**Your objective:**
Taking the entries below from the top, restate each line exactly and end with the line containing "Product photo of".

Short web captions
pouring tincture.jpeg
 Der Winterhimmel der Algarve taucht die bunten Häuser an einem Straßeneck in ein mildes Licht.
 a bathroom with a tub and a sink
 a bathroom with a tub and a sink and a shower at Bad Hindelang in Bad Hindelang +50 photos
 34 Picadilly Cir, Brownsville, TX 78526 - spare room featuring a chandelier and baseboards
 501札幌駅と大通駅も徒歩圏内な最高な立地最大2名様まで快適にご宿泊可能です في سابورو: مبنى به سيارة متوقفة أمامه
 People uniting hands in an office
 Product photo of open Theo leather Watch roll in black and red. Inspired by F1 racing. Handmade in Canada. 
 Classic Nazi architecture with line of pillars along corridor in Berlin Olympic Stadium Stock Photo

**Solution for this problem:**
pouring tincture.jpeg
 Der Winterhimmel der Algarve taucht die bunten Häuser an einem Straßeneck in ein mildes Licht.
 a bathroom with a tub and a sink
 a bathroom with a tub and a sink and a shower at Bad Hindelang in Bad Hindelang +50 photos
 34 Picadilly Cir, Brownsville, TX 78526 - spare room featuring a chandelier and baseboards
 501札幌駅と大通駅も徒歩圏内な最高な立地最大2名様まで快適にご宿泊可能です في سابورو: مبنى به سيارة متوقفة أمامه
 People uniting hands in an office
 Product photo of open Theo leather Watch roll in black and red. Inspired by F1 racing. Handmade in Canada. 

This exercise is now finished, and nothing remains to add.